There’s nothing new about young adults not consuming much news on television – or anywhere else for that matter. By and large, when we were 18 or 20 or even 25, people like me could usually find better things to do. But once we started getting partners, families, homes, and a bunch of cares we generally started settling down in front of the news, and we came in large numbers to the BBC.
Those old certainties are gone. In our review of the performance of BBC News and Current Affairs, published today, the BBC Trust shows that young people are consuming news, more than ever before, but many of them prefer to get it online and on the move, rather than from TV, or radio, or the press. Over half of 18 to 24 year olds say the internet is their main source of news, and between 2003 and 2013 the percentage of 16 to 24s watching BBC News on TV fell from just under half to a third.
They graze for news anytime, anyplace, and they define it much more broadly than we broadcasters ever did. Last week, among the BBC News website’s most read and most shared stories, one about changes to the mortgage application process vied with another about a hamster-sized deer born in Spain. For some new news providers the deadly serious sits comfortably with the mind-numbingly inconsequential: as I write this I am offered by Buzzfeed seven photos showing the deadly floods in Afghanistan and the nineteen most important Leonardo DiCaprio Pinup Poses.
News is the info you choose to talk about, and to share, whether it comes from Buzzfeed, Huffpo, Guardian online, from Vice, from Twitter, from Instagram and from a list of sites that, if I wrote about them, would be out of date already by the time you read it. BBC News Online is up there along with the best, but the market is much more diverse and changeable than anything traditional broadcasting has ever had to cope with. The internet is unregulated: high-minded analysis vies with whimsy and rumour; the unashamedly partial sits side by side with the insidiously unreliable. It is all news of a sort, and all of it has its market.

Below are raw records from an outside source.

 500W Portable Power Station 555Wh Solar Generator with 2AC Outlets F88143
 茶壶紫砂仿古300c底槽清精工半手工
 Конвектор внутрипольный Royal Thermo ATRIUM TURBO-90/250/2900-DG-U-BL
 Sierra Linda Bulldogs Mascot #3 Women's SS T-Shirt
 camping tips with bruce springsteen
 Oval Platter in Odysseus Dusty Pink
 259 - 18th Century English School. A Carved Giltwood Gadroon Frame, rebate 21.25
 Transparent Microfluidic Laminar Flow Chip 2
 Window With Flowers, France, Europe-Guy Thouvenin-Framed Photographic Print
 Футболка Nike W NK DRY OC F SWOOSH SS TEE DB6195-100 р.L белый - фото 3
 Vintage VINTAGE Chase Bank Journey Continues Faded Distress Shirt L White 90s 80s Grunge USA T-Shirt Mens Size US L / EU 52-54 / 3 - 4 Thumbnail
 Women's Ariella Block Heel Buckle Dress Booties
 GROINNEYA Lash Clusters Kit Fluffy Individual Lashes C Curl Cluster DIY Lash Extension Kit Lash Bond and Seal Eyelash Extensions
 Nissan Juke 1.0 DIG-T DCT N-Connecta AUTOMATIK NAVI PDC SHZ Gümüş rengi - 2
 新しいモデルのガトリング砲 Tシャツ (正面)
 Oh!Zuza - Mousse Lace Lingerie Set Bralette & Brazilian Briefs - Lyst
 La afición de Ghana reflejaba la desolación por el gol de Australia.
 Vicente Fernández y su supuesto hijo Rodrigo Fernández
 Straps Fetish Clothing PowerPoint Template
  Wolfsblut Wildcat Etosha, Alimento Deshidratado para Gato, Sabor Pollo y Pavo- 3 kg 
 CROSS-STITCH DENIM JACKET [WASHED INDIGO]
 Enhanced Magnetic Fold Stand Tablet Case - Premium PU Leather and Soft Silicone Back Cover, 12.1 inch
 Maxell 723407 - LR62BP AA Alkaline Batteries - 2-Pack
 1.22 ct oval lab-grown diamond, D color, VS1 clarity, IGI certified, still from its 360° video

What the BBC has offered generations for the past 60 years or more has been a fundamental building block of our well-informed democracy: and a reliable, trusted, defined, regulated space. By and large, if you heard it on the BBC you could reasonably assume it would be right, it would be fair, and it would be independent of political or commercial pressure.
There is every reason to believe that this, and future, generations will cherish those values and will be open to BBC journalism that is insightful, courageous, hard-hitting, well-resourced and, above all, accurate and committed only to discovering the truth, challenging prejudice by reflecting the widest possible range of opinions. But first the BBC has to reach them. It has to reach them where they are, not expect them to come looking.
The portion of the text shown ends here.